CarolAnn and I recently cleaned the tool shed out back and evicted three rats in the process. We went to Lowe’s to get rat traps but disagreed on what kind to get. I wanted a quick kill. She wanted the kind that would stick to a rat’s feet and hold them until we could throw them in the trash because, as she rightly reminded me, the snap traps don’t always work. The rats are wily, they grab the bait and make a clean getaway. The sticky traps are a certain though torturous death sentence.
In the end my emotional sensitivity won out. She loves that about me, though she doesn’t agree. We didn’t buy either. I guess I’ll have to depend on the dogs to solve the problem.
When I was a boy my dad used to take me fishing but it upset me to hook a fish, yank it out of its home and eat it. Once Dad took me rabbit hunting in Wyoming because that’s what he did when he was my age growing up in Wyoming. He gave me a rifle, we found rabbits and I intentionally fired to miss.
I can’t face the idea of killing a creature just because it wandered into our garage or even our home.
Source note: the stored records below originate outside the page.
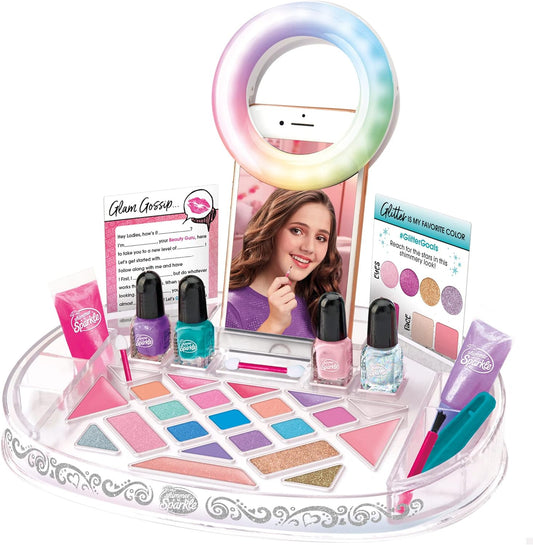 Set studio de frumusete Cra-Z-Art cu lampa circulara, 30 x 30 x 8 cm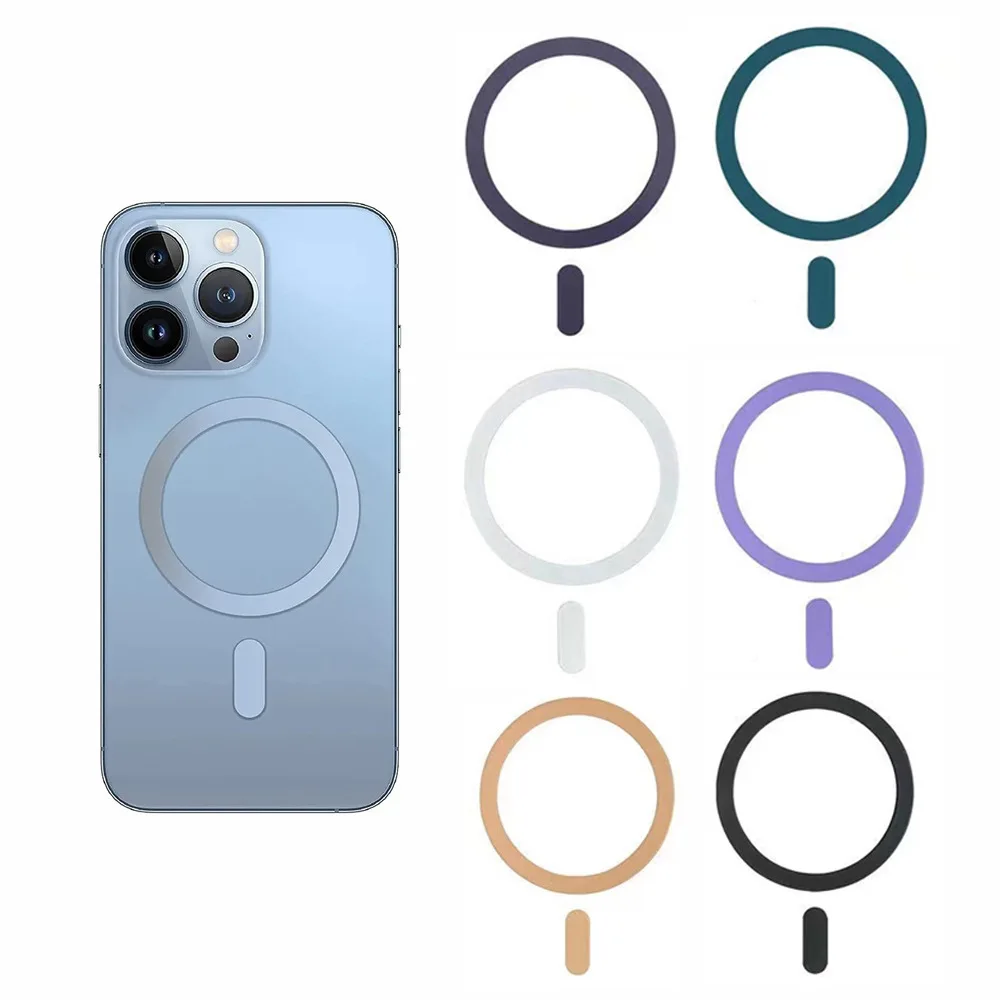 Cltgxdd-磁気プレート用磁気リング,ユニバーサルメタルステッカー,ワイヤレス充電器,カーアクセサリー,1個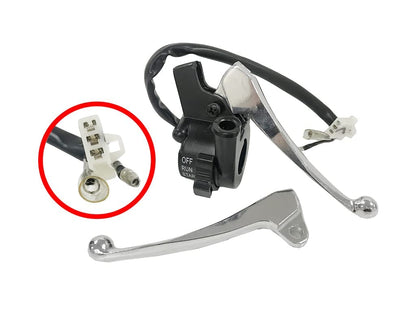 Twist Throttle Housing with Switch + Brake Levers for Yamaha PW50 PY50 Peewee 50 Dirt Bike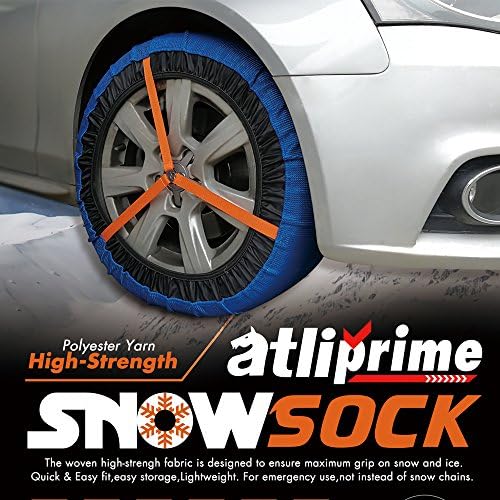 Atliprim 2 pcs אנטי-חלקה בטיחותית צמיגי בוץ צמיגי בוץ שרשראות שלג שרשראות שלג רכב שרשראות צמיג רכב גרב שלג על קרח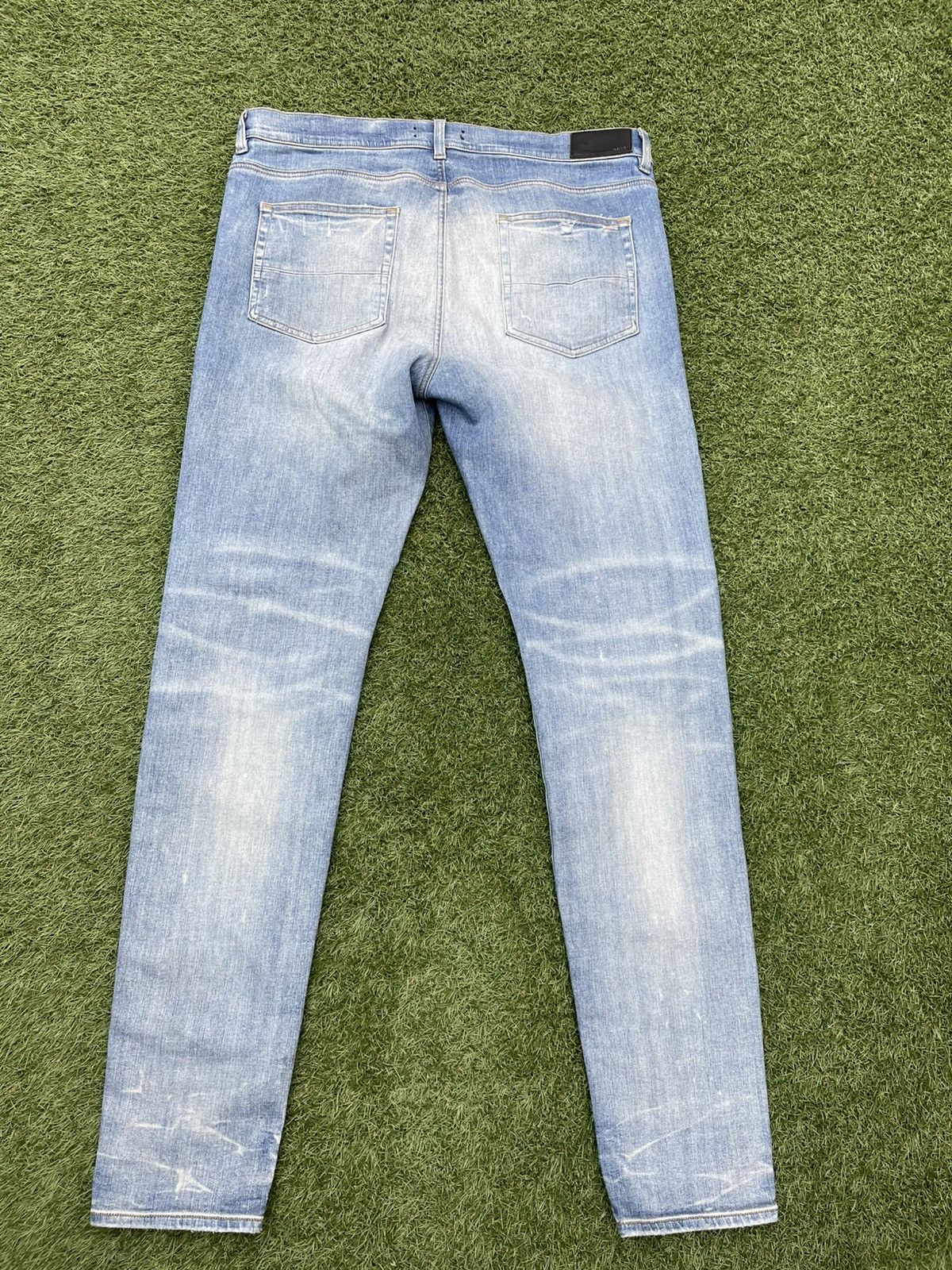 Amiri Size 40 - Amiri Blue Denim Brown Patch Jeans $1090 Retail Size US 40 / EU 56 - 5 Thumbnail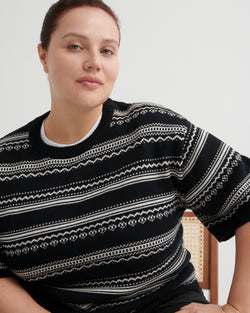 Model wearing size 
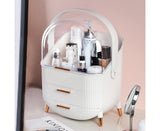 SOGA 2X 29cm White Countertop Makeup Cosmetic Storage Organiser Skincare Holder Jewelry Storage Box with Handle - Cafe Supply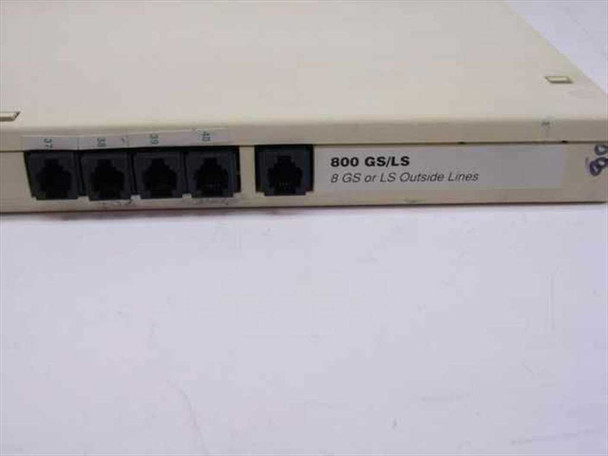 Avaya AT&T 800 GS/LS module front panel showing '800 GS/LS – 8 GS or LS Outside Lines' label and RJ ports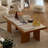 Simple log style solid wood coffee table-110602406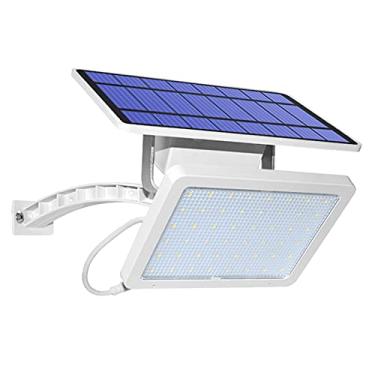 Imagem de Luzes Solares 48 LEDs Lâmpada de Parede Fotovoltaica Instalação Separada Iluminação Paisagem para Jardim Pátio LED com Painel Solar Policristalino IP65 Bateria Fosfato Ferro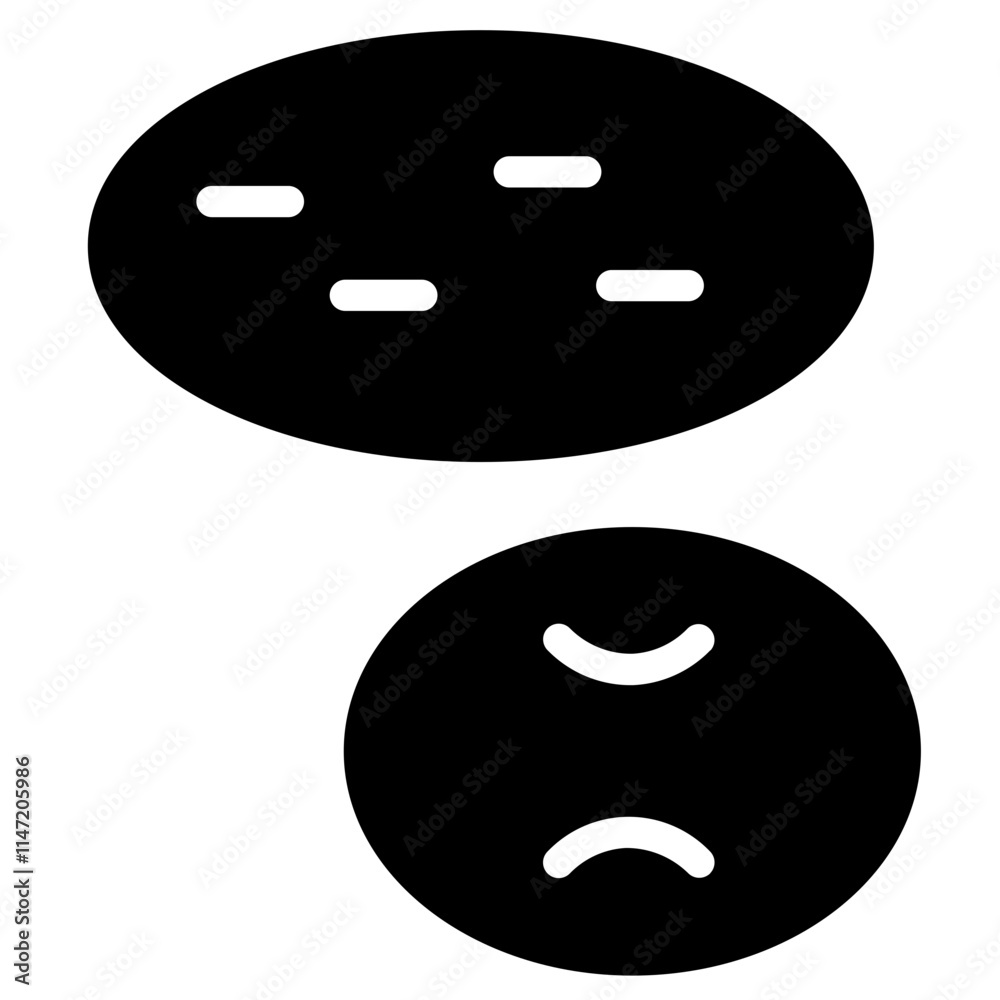 Chips Cookies Food Glyph Icon Chips Cookies Food Glyph Icon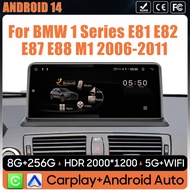 Android Auto For BMW 1 Series E81 E82 E87 E88 M1 2006-2011 2k Car Video Player DVD Radio Bluetooth S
I don’t like rats or spiders but I also don’t see that I have a right to kill them. I told CarolAnn, who comes from a family of hunters, that this extreme sensitivity comes from my childhood when I fired a slingshot at a bird on a fence. I actually killed the thing, I told her. It destroyed me.
Now I doubt it happened.
Research has proven than human memories are highly fluid. The events we remember as sure as we know our names are actually reconstructed from bits and pieces of actual experience mixed with impressions from any number of sources pieced together by our emotions and imaginations. (For more fascinating insight, see the link at the bottom of this post.)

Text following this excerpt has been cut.